Lexer – Io

Hand-written UTF-8 aware tokenizer that turns an Io source string into a List of IoTokens. The lexer is driven by IoLexer_lex which kicks off a recursive IoLexer_readMessage loop; each sub-reader (readIdentifier, readOperator, readNumber, readQuote, readComment, ...) uses a position-saving pushPos / popPos / popPosBack convention to implement try-then-backtrack parsing without a separate parse state. Emitted tokens are appended both to the flat tokenStream List (parallel consumption order by the parser) and chained via nextToken links inside IoToken itself. Nested `/*...*\/` comments, triple-quoted strings, hex and decimal literals with exponents, backslash line continuations, and synthesised group-name tokens for `[...]` and `{...}` are all handled here. The parser in IoMessage_parser.c pops tokens off the stream and routes them through IoMessage_ifPossibleCache Token_.

IoLexer_addTokenString_length_type_(self, s1, len, type)

Builds a new IoToken from an arbitrary source span, stamps it with the current line number and cursor-relative char number, links it onto the previous token's nextToken chain, and appends it to tokenStream. This is the one chokepoint through which every token the parser will ever see is born, so both emission paths (grab and synthetic group-name tokens) land here.

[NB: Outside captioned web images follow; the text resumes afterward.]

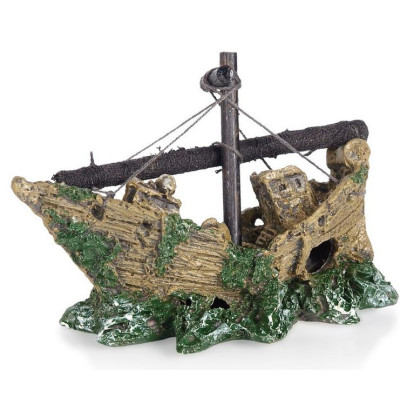 Akvarijní dekorace PO-026 vrak s lany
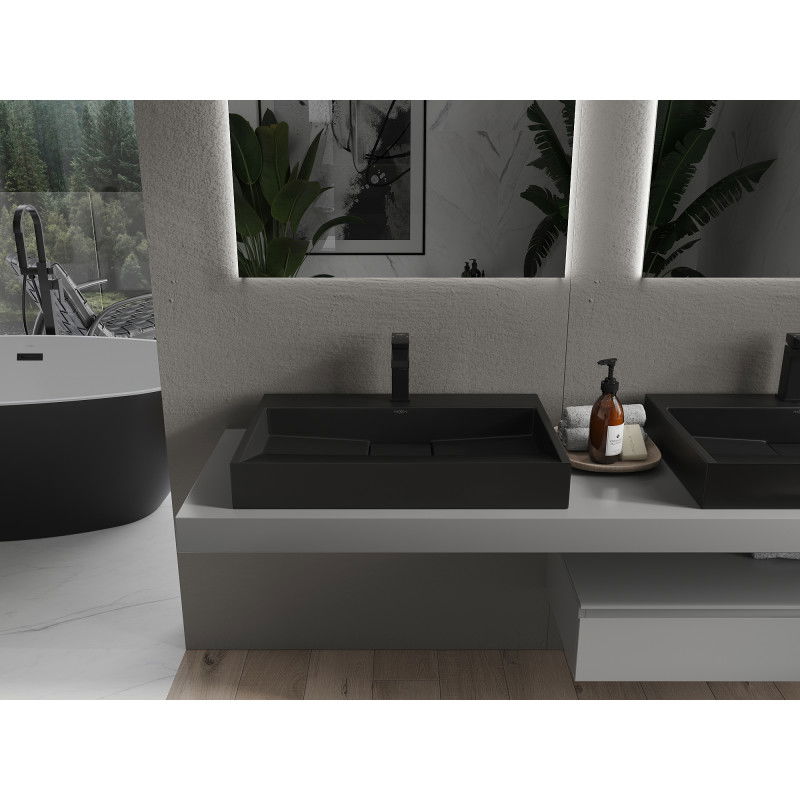 Mexen Ava stalviršio praustuvas iš konglomerato 1/O 70 x 46 cm, juodas - 23017071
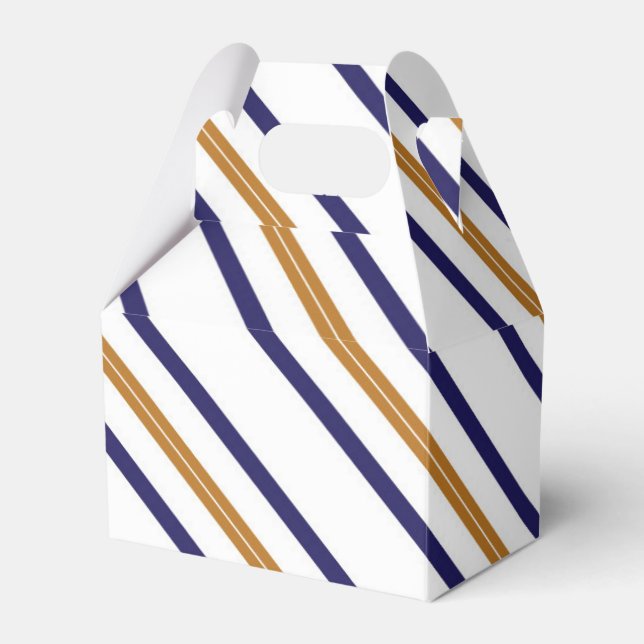 Nautic Striped Gold Blue Birthday Gevor Box Geschenkschachtel (Vorderseite)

IoLexer_buildLineIndex(self)

Scans the source text once and appends a pointer to the start of each line (plus the trailing sentinel) into charLineIndex. IoLexer_current LineNumber then does near-constant-time "which line is this offset on" lookups via a hint-based scan rather than re-counting newlines from the start.

IoLexer_clear(self)

Frees every emitted IoToken, empties the backtrack stacks, rewinds `current` to the start of the source, and clears the error state. Called at the top of IoLexer_lex so the lexer can be reused across compilations of different source strings.

IoLexer_currentLineNumber(self)

Near-constant-time line-number lookup using charLineIndex. Starts from the previously stored `lineHint` and walks forward or backward a few steps until the hint bracket covers `current`. Because token emission is monotonic, the average distance walked per call is ~1. The hint is updated in place so successive queries are even cheaper.

IoLexer_currentLineNumberOld(self)

Legacy O(n) line-number calculator that rescans from the start of the source counting newlines. Retained for cross-checking during debugging; the production path uses IoLexer_currentLineNumber.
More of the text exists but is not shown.